Es gibt viele Möglichkeiten, sein Vermögen anzulegen. Bei Vermögen denken die meisten sicher zuerst an Geld. Doch das Vermögen geht darüber hinaus. Das Vermögen eines Menschen besteht aus seinem ganzen Potential. Dazu gehören die wertvollen Ressourcen von Zeit, Arbeitskraft, Kreativität, seine Beziehungen und Begabungen. Jeder von uns hat also Vermögen. Wo soll ich es anlegen? Am besten doch dort, wo ich durch die Anlage einen Gewinn erhoffe.
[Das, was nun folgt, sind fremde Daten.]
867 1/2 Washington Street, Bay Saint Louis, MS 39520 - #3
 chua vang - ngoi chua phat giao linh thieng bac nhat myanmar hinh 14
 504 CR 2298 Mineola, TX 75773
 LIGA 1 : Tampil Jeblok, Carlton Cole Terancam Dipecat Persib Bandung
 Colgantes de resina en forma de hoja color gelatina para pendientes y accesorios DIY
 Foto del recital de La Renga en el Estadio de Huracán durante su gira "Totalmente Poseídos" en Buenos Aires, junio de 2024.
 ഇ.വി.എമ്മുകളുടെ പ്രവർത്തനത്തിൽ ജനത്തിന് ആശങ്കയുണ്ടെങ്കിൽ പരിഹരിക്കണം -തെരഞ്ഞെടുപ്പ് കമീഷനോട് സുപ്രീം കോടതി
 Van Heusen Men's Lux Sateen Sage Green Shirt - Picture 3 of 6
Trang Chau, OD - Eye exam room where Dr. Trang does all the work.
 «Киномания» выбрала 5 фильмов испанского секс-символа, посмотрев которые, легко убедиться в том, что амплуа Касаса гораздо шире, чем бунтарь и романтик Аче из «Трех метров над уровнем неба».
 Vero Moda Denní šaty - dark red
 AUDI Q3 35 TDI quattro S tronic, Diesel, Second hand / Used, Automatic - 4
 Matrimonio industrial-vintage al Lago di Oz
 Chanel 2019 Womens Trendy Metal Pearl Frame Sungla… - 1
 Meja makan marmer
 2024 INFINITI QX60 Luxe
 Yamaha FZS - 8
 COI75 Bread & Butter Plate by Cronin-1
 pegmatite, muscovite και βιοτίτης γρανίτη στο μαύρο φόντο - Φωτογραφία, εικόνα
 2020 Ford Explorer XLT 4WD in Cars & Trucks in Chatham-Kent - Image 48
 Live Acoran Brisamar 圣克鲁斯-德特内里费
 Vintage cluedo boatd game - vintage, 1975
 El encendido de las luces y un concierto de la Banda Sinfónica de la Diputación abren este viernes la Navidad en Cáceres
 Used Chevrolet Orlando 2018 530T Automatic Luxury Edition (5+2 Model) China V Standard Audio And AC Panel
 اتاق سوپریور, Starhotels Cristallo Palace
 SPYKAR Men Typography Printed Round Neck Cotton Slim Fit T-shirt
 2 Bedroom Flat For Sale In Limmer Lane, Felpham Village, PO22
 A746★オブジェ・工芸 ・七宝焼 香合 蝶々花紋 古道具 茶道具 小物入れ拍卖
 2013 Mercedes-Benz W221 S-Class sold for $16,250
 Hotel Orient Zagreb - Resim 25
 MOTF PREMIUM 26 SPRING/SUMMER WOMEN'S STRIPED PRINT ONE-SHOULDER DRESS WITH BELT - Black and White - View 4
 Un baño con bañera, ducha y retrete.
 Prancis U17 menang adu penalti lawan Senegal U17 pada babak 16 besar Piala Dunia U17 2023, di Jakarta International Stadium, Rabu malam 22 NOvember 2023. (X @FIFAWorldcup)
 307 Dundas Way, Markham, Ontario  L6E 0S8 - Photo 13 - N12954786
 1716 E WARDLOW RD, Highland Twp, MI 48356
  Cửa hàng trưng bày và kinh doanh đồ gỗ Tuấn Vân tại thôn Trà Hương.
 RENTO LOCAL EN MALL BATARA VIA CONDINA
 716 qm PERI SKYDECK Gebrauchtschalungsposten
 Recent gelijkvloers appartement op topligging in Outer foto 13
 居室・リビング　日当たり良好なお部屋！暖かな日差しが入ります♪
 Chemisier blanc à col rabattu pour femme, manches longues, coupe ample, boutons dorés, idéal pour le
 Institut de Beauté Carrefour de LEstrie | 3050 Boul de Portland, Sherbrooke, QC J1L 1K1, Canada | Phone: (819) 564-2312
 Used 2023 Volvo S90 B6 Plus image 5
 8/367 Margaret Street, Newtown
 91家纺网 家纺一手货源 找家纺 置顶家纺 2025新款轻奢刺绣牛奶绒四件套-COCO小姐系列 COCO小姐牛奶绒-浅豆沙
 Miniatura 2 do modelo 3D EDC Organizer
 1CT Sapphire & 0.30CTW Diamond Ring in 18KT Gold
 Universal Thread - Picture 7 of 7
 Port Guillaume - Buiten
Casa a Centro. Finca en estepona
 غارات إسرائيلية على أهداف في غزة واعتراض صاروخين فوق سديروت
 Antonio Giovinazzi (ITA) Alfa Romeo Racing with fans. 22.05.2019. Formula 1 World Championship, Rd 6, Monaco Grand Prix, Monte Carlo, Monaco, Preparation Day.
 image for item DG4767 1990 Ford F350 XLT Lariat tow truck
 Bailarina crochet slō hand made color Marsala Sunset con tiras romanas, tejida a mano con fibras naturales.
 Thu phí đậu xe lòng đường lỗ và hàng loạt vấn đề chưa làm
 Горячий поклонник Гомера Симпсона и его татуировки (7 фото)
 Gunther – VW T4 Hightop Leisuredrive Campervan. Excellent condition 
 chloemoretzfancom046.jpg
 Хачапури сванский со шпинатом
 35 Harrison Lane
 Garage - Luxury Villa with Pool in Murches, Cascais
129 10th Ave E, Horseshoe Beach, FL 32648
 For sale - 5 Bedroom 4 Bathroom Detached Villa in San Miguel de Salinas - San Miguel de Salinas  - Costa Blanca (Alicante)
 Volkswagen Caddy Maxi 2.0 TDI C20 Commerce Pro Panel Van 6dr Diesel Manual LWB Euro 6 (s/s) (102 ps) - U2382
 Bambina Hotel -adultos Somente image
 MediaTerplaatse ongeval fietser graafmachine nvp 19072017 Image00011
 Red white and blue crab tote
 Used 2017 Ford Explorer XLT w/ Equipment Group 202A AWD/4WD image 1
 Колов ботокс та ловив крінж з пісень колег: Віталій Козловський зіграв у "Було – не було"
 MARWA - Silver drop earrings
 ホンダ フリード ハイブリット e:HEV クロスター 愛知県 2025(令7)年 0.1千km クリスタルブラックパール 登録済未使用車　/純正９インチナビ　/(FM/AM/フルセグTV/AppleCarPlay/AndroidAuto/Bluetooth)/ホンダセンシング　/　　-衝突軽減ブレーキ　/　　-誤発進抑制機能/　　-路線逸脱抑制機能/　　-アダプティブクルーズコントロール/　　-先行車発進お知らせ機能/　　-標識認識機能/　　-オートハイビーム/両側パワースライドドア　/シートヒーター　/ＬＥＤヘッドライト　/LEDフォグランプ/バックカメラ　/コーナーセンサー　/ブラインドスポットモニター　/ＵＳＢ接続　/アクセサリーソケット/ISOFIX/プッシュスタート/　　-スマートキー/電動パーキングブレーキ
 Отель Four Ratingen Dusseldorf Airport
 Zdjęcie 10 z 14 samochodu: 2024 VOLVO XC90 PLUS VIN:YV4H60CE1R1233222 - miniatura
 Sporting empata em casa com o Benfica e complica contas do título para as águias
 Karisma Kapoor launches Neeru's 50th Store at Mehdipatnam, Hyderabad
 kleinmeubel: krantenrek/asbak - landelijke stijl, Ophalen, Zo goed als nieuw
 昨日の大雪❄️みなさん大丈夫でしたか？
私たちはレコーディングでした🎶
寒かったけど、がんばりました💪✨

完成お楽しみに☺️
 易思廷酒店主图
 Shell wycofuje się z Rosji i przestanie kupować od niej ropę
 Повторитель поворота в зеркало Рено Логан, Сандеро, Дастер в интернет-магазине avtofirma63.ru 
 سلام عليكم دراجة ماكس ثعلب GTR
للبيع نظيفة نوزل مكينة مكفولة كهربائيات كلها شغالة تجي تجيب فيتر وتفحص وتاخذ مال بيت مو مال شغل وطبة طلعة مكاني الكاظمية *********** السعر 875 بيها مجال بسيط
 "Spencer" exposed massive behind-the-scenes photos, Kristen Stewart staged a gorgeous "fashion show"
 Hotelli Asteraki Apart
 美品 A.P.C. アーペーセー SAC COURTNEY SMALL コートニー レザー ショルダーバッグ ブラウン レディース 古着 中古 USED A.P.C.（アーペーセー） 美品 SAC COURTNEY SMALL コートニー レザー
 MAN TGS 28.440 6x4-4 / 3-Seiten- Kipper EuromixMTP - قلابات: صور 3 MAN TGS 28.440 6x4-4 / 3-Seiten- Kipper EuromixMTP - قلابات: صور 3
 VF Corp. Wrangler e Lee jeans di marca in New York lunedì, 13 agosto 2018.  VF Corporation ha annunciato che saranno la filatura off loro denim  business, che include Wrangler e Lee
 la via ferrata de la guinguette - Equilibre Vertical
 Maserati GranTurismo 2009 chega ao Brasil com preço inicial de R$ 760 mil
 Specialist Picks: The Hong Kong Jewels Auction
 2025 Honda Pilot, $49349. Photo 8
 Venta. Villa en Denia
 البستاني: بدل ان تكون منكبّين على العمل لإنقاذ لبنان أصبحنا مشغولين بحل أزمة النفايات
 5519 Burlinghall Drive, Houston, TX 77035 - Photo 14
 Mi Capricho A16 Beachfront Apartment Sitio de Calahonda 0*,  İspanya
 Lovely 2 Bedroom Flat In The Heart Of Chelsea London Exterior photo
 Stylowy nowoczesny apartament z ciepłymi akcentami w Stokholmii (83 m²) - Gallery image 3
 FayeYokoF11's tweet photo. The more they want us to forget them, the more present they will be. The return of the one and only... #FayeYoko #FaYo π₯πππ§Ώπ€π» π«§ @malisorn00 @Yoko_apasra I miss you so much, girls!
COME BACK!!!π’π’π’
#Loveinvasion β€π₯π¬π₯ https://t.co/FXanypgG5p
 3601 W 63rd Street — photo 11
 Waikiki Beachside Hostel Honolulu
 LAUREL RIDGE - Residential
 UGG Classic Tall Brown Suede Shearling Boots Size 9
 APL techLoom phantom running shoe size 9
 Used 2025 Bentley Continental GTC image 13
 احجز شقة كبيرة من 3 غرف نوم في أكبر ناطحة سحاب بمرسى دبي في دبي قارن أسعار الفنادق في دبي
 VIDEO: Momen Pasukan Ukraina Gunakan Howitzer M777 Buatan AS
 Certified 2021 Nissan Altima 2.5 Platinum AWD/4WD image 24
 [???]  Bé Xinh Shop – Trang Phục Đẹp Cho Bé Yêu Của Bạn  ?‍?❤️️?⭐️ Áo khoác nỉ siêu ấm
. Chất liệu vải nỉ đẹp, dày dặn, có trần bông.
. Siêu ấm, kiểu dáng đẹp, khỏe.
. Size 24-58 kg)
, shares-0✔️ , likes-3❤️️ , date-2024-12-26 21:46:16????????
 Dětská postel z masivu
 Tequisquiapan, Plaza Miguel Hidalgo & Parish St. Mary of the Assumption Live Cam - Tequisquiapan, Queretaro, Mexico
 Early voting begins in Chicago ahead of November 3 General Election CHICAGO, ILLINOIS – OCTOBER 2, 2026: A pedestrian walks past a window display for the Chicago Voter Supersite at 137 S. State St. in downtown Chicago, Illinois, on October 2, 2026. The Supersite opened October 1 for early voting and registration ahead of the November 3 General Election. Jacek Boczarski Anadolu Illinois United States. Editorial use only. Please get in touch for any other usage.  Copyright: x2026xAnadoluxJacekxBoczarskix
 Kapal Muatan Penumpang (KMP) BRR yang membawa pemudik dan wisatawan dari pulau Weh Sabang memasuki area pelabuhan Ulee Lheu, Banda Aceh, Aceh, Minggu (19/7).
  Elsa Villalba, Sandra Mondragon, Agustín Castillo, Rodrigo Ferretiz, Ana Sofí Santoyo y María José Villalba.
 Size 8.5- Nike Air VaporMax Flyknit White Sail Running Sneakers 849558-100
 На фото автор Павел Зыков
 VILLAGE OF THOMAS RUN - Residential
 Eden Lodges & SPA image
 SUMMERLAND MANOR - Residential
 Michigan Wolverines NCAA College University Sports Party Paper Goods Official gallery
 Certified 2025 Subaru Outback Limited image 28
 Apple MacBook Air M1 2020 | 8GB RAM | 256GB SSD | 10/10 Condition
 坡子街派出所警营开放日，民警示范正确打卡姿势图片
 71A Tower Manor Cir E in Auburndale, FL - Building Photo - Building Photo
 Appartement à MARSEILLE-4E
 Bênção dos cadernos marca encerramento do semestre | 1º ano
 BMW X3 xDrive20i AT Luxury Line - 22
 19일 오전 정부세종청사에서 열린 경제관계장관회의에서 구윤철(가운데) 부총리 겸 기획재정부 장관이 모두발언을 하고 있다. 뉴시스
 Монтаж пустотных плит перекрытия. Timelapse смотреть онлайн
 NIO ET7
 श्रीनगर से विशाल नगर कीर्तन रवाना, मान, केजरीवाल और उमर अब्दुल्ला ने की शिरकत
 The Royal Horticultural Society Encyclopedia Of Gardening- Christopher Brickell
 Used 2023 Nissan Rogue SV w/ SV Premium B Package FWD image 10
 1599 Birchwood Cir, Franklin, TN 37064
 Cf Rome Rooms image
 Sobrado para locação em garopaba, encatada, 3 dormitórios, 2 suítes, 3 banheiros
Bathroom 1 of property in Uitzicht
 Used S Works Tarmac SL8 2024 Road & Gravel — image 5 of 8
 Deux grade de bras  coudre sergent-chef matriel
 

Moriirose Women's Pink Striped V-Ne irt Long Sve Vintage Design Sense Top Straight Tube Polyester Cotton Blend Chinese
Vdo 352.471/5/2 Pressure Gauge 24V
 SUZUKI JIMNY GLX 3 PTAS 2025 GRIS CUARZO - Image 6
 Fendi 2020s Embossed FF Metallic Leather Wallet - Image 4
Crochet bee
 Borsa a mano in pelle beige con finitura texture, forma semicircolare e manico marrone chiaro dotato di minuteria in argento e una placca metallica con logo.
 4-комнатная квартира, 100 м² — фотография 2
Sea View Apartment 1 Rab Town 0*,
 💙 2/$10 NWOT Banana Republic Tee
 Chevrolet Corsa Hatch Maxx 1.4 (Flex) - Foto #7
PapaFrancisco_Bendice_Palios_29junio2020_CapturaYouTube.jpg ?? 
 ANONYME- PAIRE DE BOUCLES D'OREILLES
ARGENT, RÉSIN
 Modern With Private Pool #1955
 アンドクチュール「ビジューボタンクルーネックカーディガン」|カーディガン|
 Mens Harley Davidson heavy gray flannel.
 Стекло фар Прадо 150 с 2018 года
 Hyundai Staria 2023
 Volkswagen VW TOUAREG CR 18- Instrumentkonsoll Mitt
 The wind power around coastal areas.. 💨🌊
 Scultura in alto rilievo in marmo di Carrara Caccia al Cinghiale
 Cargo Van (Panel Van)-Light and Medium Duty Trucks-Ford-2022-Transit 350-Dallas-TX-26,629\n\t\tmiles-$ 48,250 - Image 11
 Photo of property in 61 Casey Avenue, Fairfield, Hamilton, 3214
Im Fernsehen gibt es eine beliebte Sendung, die „Höhle der Löwen“. Dort sitzen vier Investoren, die, so wird zumindest suggeriert, über großes Vermögen verfügen. In die Sendung kommen nun Menschen, die eine Geschäftsidee entwickelt, eine Erfindung gemacht oder eine Firma gegründet haben. Sie suchen nach Kapital und nach Mentoren, die ihnen in der wirtschaftlichen Entwicklung weiterhelfen können. Sie haben nur einige Minuten Zeit, sich und ihr Business vorzustellen. Die Investoren entscheiden dann, ob sie investieren wollen und ihr Geld, ihre Zeit, Arbeitskraft und ihre Beziehungen für die Gründer, ihre Ideen oder Firmen einsetzen möchten. Die Hoffnung dabei ist immer der große Gewinn. Es könnte sein, dass die eine oder andere Idee verfängt und erfolgreich wird, so dass sie einmal gute Rendite abwirft. Aber das ist nie sicher. Im Wirtschaftsjargon spricht man von „Risikokapital“. Der Einsatz des Vermögens gleicht einer Wette auf die Zukunft. Der Erfolg ist nicht garantiert. Es ist den Investoren klar, dass sie einen Teil des investierten Vermögens auch wieder verlieren werden.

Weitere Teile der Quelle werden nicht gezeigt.